Fix PySpark loaded models #3384

mriomoreno · 2023-11-13T11:53:32Z

Overview

ISSUE:

Running PySpark GBT models sometimes causes the shap package to fail with the error message:

The background dataset you provided does not cover all the leaves in the model, so TreeExplainer cannot run with the feature_perturbation="tree_path_dependent" option! " Try providing a larger background dataset, no background dataset, or using feature_perturbation="interventional"."

Using feature_perturbation="interventional" as suggested does not work with pyspark models as the predict function is not implemented for pyspark models

# lines 1082 to 1085 in shap/shap/explainers/_tree.py
if self.model_type == "pyspark":
  #import pyspark
  # TODO: support predict for pyspark
   raise NotImplementedError("Predict with pyspark isn't implemented. Don't run 'interventional' as feature_perturbation.")

The feature_perturbation="tree_path_dependent" is failing due to a check in the code that is meant to ensure that background dataset lands in every leaf.

# lines 1031 to 1033 in shap/shap/explainers/_tree.py
# ensure that the passed background dataset lands in every leaf
if np.min(self.trees[i].node_sample_weight) <= 0:
    self.fully_defined_weighting = False

This should by right pass in all cases, considering that no background dataset is required for feature_perturbation="tree_path_dependent".

In some cases for pyspark gbt models, fully_defined_weighting is incorrectly set to False. fully_defined_weighting is determined by the values of node_sample_weight, which is determined by the code below:

# line 1199 in shap/shap/explainers/_tree.py
self.node_sample_weight[index] = node.impurityStats().count() #weighted count of element trough this node

node.impurityStats() returns a GiniCalculator, and the method .count() should return a float instead of int.
See source

However, if you create a pyspark GBT model and obtain the values for node.impurityStats().count(),
you will notice that the values has been rounded down to int.

node.impurityStats().count() should return the same values as sum([e for e in node.impurityStats().stats()]) if you follow the image above. It is however rounding down the values, and in some cases values greater than 0 and less than 1 are rounded down to 0.

This causes the self.fully_defined_weighting to return False, even when the values are clearly not zero.

SOLUTION

Avoid using node.impurityStats().count(). Replace with sum([e for e in node.impurityStats().stats()]) which does exactly the same, but retain the value as float.

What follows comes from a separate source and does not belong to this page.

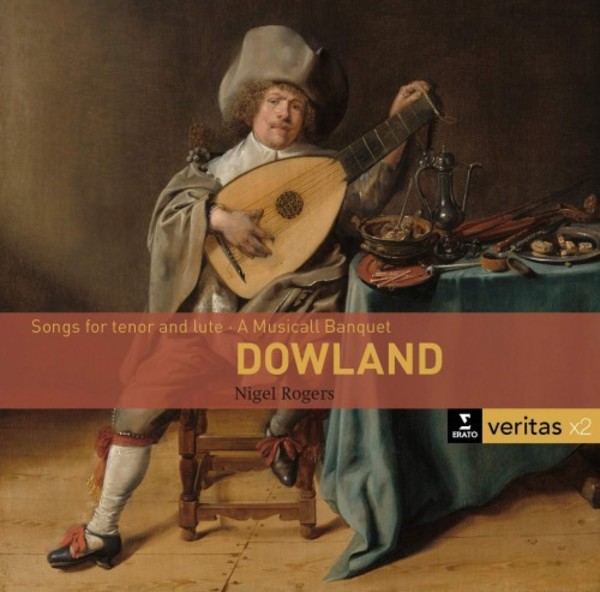 Dowland - Songs for Tenor & Lute; A Musicall Banquet | Erato 9029532055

mriomoreno · 2023-11-13T11:55:35Z

@CloseChoice I created another PR with no conflicts, if you plase can merge it. Thanks!

mriomoreno · 2023-11-13T15:49:01Z

@connortann , could we merge this PR? The solution is pretty easy.

Thanks

mriomoreno · 2023-11-14T11:59:23Z

This PR is a new version of the old PR: #2700

connortann · 2023-11-14T17:22:48Z

Thanks for the PR! I think there are two things we need to fix.

Firstly, it looks like this change breaks an existing test: tests/explainers/test_tree.py::test_pyspark_regression_decision_tree.

Secondly, we need to create a regression test for the issue that this PR fixes. I tried running a unit test based on your example in the other thread: #2700 (comment)

Howeever, this doesn't reproduce the issue: the test actually passes on master. Here's the test I tried:

# test_tree.py, a new test (probably to be put around line 286)

def test_pyspark_loaded_gbt(configure_pyspark_python, tmp_path, random_seed):
    pytest.importorskip("pyspark")
    pytest.importorskip("pyspark.ml")

    from pyspark.ml import Pipeline
    from pyspark.ml.classification import GBTClassificationModel, GBTClassifier
    from pyspark.ml.feature import VectorAssembler
    from pyspark.sql import SparkSession


    rs = np.random.RandomState(seed=random_seed)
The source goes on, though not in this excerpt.